Anders sieht es bei den Affenversuchen von Izpisúa Belmonte aus. Aufgrund der engeren biologischen Verwandtschaft mit Menschen wäre das Potenzial für die Zusammenarbeit der Zellen und funktionelle Konsequenzen größer. In Versuchen mit Chimären aus eng verwandten Mäusen und Ratten konnte Nakauchi erfolgreich eine komplette Bauchspeicheldrüse aus den Zellen der jeweils anderen Art wachsen lassen. Auch er will langfristig an Mensch-Affen-Chimären forschen und untersucht bereits jetzt, wie gut sich Stammzellen von Schimpansen, den nächsten Verwandten des Menschen, in Makakenembryonen integrieren lassen.

Ein embryonale Affe-Mensch-Chimäre wäre "unter Umständen ethisch vertretbar"

Von einer embryonalen Chimärisierung von Mensch und Affe hatte der Ethikrat 2011 abgeraten. Er befürchtete, dass die Durchmischung der Zellen hier so weit gehen könnte, „dass dies tendenziell zur Auflösung der Grenze zwischen Mensch und Tier führen könnte“. Wenn dies mit den inzwischen zur Verfügung stehenden molekularbiologischen Methoden und entsprechender Umsicht ausgeschlossen werden kann, könnte jedoch auch eine Chimärisierung zwischen Affe und Mensch im Embryonalstadium unter Umständen ethisch vertretbar sein. Diese mögliche Konsequenz hatte der Ethikrat 2011 im Blick.

Denkbar ist aber auch, dass Forscher Tiere mit menschlichen Zellen im Gehirn gezielt erzeugen wollen. Selbst das wäre nicht neu. Nur entstanden solche Hirnchimären bislang erst nach der Geburt, wenn das tierische Gehirn schon weitgehend ausgereift war. 2017 etwa transplantierten japanische Forscher menschliche Nervenzellen in die Gehirne von Affen mit Symptomen der Parkinson-Krankheit, um eine Zelltherapie zu testen. Die menschlichen Zellen linderten die Krankheitssymptome. Verhaltensauffälligkeiten wurden nicht beobachtet.

Vorsicht ist dennoch geboten. Auch das zeigt ein bereits erfolgter Versuch. Mäuse, denen Forscher 2013 nach der Geburt menschliche Zellen eingepflanzt hatten, die im Gehirn lediglich Unterstützerfunktion haben, entwickelten ein verbessertes Lernvermögen und Gedächtnis. Die Chimärisierung führte zu einer funktionellen Veränderung, obwohl Mensch und Maus nicht eng verwandt sind, die Vermischung erst spät erfolgte und von den Zellen kein Einfluss auf die kognitive Funktion erwartet worden war.
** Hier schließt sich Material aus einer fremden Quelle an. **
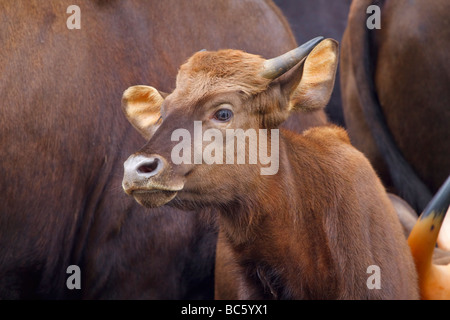 Indian Gaur, Bos gaurus Foto Stock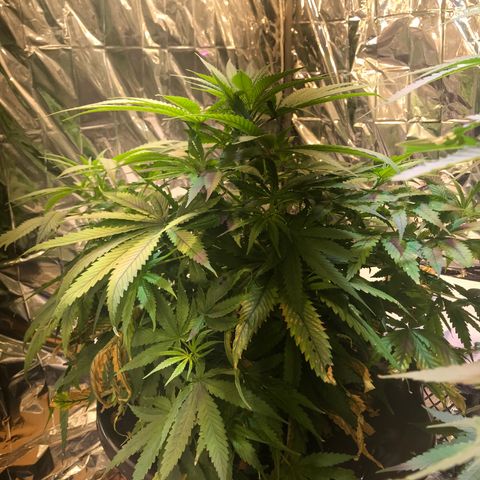 Pablo Escobar growlog timeline photo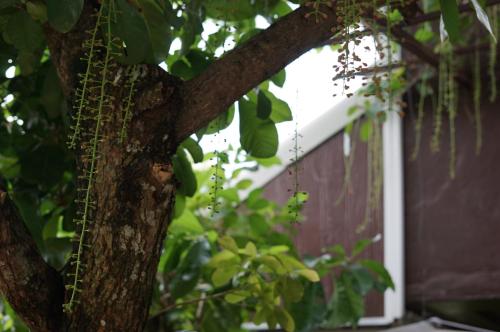 baan baramee house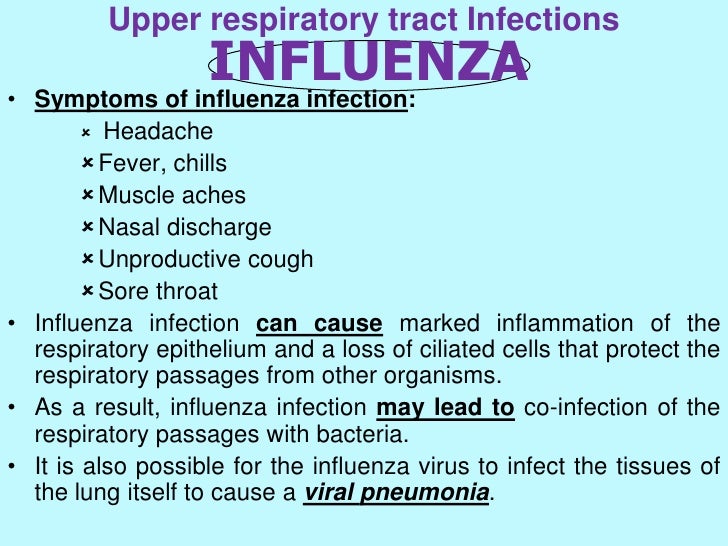 How Does The Respiratory System Protect Itself From Infection Respiratory Diseases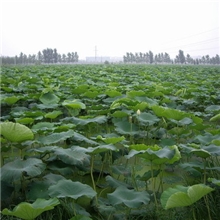 供应优质高产莲藕种苗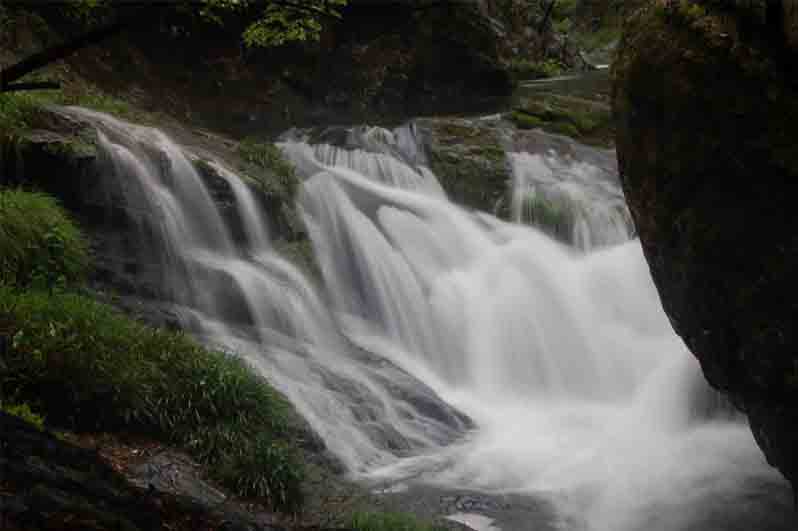 仙寓山富硒村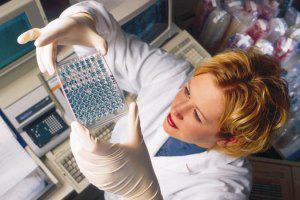 организм человека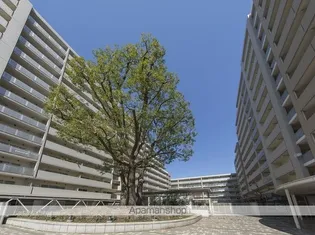 シティコート目黒3号棟【5階】の外観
Eine in die Gesellschaft eingebettete Wissenschaft darf der Debatte nicht ausweichen

Wollte man künftig Zellen von Mensch und Affe im Embryonalstadium vermischen, womöglich noch mit dem ausdrücklichen Ziel, Hirnchimären zu erzeugen, wäre eine Veränderung moralisch relevanter Eigenschaften noch wahrscheinlicher. Und sicher feststellen könnte man sie erst, wenn das Tier bereits geboren ist. Dass Versuche mit einer solchen Eingriffstiefe Unbehagen oder gar Verstörung auslösen, ist daher nicht unverständlich.
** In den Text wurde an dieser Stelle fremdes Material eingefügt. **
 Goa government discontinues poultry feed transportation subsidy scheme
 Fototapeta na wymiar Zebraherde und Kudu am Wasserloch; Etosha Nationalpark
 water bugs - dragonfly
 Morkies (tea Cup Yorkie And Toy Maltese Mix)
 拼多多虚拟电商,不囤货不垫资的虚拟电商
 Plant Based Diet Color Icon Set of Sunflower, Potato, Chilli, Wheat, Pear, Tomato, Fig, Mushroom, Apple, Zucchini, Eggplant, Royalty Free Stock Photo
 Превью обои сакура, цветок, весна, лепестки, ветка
Die ethische Prüfung bedarf deshalb der gleichen Sorgfalt und Behutsamkeit, die wir insgesamt bei der Planung und Umsetzung von Arbeiten im tierexperimentellen Bereich erwarten. Ob schon Nakauchis Pläne einen „ethischen Megaverstoß“ darstellen, wie der Bundestagsabgeordnete Karl Lauterbach ihn diagnostizierte, ist fraglich. Doch Forscher müssen sich ihrer ethischen Verantwortung auch bereitwillig stellen, proaktiv das Gespräch mit einer kritischen Öffentlichkeit suchen und lernen, dass Kritik auch ein Zeichen von Interesse ist. Eine Verlagerung umstrittener Versuche in Länder mit weniger Auflagen, wie China eines ist, und vorschnelle Versuchsmeldungen, wie Izpisúa Belmonte sie nun gewählt hat, passen nicht zu einer in die Gesellschaft eingebetteten Wissenschaft. Damit riskiert man, das Vertrauen zu verspielen, das Wissenschaft dringend benötigt – gerade angesichts der zahlreichen Krisen der Gegenwart, die nicht ohne wissenschaftliche Expertise gemanagt werden können.